I've been pretty confident all along that the awful looking rot was limited to that one area but I really couldn't be sure until I removed some siding to have a look. The siding on Chez Melendy is cement asbestos shingles. These shingles were probably added to the house sometime in the 50s when asbestos was all the rage and before it was deemed a hazard. The shingles are fireproof and are a good protective siding with decent insulating qualities. They don't pose the same hazard as other forms of asbestos because the asbestos is trapped in cement. Unless the shingles are pulverized in some way, the asbestos remains encapsulated.
Knowing the lack of danger posed by the shingles didn't keep me from being cautious, however, so I donned my fine-particulate respirator and got to work removing the first two courses of siding. The shingles are strong when mounted flush to the house but are brittle when removed. I couldn't help but break some as they came off, and it was for this reason that I wore the respirator.

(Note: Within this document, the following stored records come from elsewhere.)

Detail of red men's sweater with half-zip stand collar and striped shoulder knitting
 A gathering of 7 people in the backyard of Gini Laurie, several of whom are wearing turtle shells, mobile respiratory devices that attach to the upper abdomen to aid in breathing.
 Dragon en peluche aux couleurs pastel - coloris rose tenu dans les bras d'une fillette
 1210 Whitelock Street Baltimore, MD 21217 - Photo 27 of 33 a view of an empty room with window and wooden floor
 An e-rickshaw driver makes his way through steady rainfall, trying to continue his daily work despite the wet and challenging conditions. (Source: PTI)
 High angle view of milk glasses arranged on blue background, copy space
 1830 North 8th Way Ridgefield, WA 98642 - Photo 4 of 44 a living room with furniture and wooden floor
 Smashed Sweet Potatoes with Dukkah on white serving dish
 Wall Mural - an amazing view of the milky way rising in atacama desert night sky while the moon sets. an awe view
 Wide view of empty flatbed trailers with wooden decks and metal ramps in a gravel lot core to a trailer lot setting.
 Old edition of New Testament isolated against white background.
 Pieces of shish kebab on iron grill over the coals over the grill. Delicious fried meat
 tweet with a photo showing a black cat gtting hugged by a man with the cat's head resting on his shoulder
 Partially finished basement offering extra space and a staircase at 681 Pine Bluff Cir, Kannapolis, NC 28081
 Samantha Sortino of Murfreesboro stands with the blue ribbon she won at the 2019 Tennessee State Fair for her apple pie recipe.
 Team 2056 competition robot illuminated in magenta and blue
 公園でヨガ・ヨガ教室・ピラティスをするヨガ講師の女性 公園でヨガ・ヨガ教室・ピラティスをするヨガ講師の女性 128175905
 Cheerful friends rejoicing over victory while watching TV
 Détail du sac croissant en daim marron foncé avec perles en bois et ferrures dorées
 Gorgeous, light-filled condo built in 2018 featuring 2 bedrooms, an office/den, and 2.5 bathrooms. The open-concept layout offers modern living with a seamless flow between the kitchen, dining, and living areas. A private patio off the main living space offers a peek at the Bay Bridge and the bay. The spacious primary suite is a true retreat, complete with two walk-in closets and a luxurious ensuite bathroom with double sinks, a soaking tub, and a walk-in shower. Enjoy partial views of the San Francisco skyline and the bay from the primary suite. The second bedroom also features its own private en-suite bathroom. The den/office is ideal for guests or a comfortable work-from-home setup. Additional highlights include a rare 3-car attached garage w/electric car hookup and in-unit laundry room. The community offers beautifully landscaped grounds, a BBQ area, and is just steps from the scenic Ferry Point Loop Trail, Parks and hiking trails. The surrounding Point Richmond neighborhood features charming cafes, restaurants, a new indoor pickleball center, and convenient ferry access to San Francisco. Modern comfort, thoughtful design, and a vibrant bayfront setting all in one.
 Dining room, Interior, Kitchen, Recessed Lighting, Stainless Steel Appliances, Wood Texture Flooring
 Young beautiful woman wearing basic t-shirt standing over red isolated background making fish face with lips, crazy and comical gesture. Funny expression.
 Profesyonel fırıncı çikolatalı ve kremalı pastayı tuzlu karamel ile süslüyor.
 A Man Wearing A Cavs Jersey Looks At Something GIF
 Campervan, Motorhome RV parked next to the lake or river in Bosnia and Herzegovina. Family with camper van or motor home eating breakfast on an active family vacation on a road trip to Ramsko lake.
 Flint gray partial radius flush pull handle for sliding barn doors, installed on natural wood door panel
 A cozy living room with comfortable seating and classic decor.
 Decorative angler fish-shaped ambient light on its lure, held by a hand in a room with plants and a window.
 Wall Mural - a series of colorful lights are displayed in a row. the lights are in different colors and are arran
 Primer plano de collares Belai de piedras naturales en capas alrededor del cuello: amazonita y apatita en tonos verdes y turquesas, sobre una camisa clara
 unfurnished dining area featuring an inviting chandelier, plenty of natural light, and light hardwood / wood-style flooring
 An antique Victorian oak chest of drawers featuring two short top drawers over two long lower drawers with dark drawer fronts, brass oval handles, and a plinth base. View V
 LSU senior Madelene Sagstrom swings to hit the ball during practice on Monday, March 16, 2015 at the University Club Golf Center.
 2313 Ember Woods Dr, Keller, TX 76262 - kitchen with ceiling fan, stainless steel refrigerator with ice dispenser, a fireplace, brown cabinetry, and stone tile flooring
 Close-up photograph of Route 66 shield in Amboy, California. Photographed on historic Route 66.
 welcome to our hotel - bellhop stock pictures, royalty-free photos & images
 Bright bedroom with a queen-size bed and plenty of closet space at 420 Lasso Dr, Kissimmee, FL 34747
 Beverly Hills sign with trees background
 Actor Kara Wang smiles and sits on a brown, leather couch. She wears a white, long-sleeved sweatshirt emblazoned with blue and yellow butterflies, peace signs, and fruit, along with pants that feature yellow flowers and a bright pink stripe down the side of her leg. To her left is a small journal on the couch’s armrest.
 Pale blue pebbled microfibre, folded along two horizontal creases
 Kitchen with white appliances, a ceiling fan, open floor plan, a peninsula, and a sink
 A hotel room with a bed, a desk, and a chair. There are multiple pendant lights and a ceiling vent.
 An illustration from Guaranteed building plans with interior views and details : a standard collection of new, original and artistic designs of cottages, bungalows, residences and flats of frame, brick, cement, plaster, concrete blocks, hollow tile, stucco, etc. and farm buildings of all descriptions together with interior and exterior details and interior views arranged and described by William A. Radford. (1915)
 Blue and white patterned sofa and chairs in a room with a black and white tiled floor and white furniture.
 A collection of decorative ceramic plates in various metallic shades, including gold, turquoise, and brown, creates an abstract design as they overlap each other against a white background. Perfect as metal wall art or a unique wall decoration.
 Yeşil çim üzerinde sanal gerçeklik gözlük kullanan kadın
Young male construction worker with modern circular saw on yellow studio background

Once the asbestos shingles were removed, I was ready to remove some of the original siding that was underneath. I was happy to see that the original siding is in pretty good shape. At some point in the future I'd like to remove all the asbestos shingles and go back to the original clapboards to bring out the original charm of this old cape cod style cottage.
With all the siding removed from the lower 12" of the house, I could see the condition of the sill beam all along the front. Happily, it's not in real bad shape after a hundred and fifty years of existence.
The real work is ahead of me though as I need to chisel away the rotted section and then use pressure treated lumber to replace what's been removed. I'll be looking for advice from some local builders as I start to put it all back together. This section of the house is critical in that it's susceptible to moisture and, if not insulated properly, can provide a place for cold air infiltration. I want to get this job right the first time, and completed before the snow flies.